* **Data for processing**:
┄┄┄┄┄┄

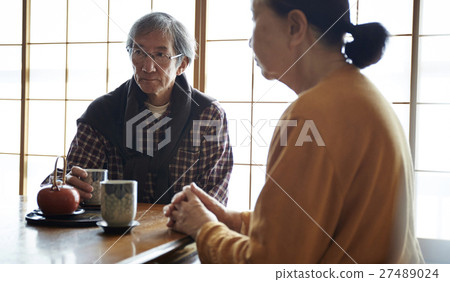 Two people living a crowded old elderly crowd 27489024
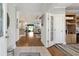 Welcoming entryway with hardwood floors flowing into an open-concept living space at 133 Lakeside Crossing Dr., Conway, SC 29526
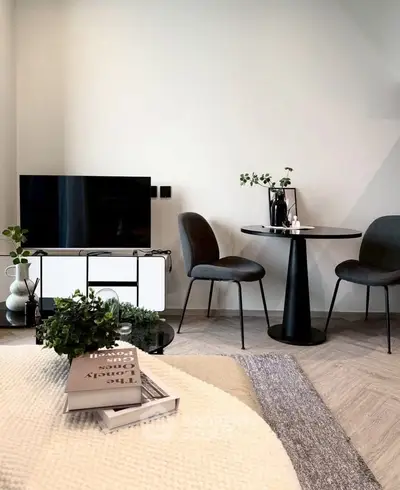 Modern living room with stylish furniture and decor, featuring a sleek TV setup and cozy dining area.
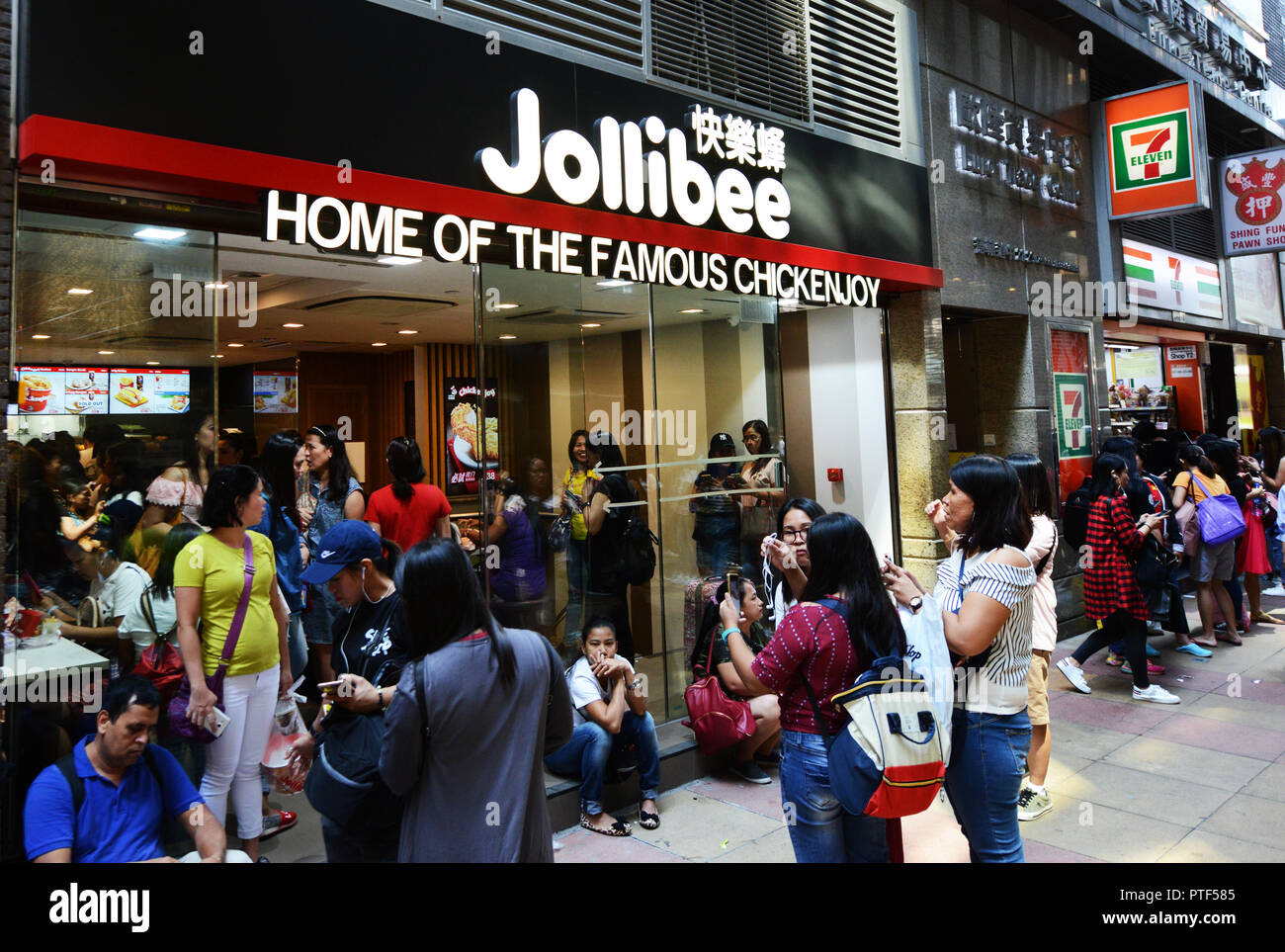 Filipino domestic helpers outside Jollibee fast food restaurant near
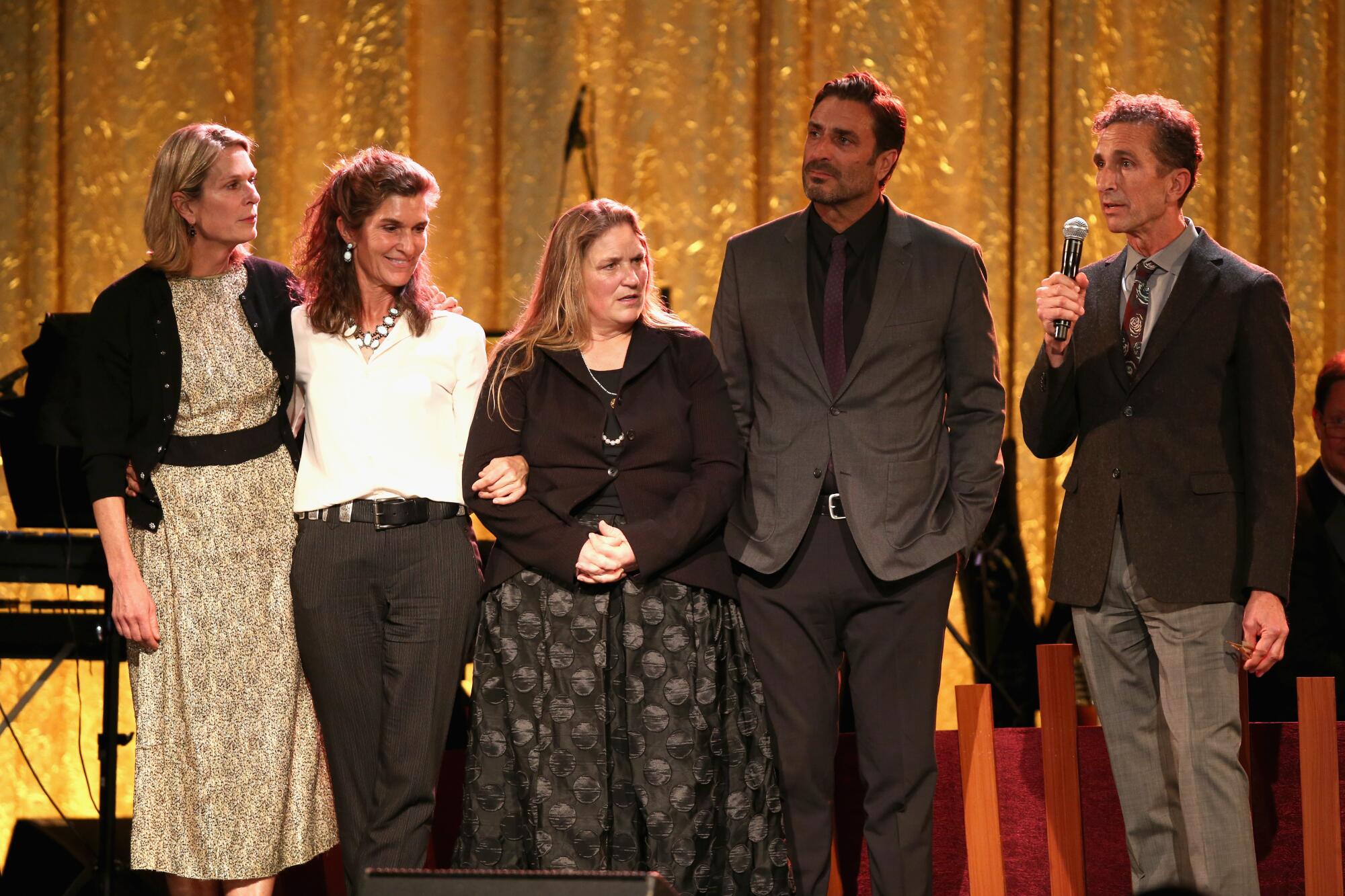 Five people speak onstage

┄┄┄┄┄┄

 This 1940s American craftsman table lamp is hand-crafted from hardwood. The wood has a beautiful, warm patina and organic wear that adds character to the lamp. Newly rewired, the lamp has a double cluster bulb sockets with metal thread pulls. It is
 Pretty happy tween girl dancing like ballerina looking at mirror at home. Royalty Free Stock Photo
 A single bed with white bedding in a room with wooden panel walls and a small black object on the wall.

┄┄┄┄┄┄

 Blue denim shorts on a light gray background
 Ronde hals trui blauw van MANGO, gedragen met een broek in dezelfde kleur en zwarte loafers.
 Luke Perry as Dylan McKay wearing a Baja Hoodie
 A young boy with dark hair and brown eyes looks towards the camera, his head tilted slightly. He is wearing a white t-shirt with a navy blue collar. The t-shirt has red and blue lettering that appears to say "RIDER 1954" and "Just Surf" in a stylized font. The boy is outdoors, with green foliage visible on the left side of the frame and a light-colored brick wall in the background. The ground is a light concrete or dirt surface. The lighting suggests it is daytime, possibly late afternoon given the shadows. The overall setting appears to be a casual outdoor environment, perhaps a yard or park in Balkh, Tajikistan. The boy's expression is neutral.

┄┄┄┄┄┄

* **What to produce**: Above are entries with pictures among them. Write out exactly the lines from the one containing "Filipino domestic helpers" through the one containing "Five people speak onstage", ends included, and leave those pictures out.

* **Completed task**:
 Filipino domestic helpers outside Jollibee fast food restaurant near
 Five people speak onstage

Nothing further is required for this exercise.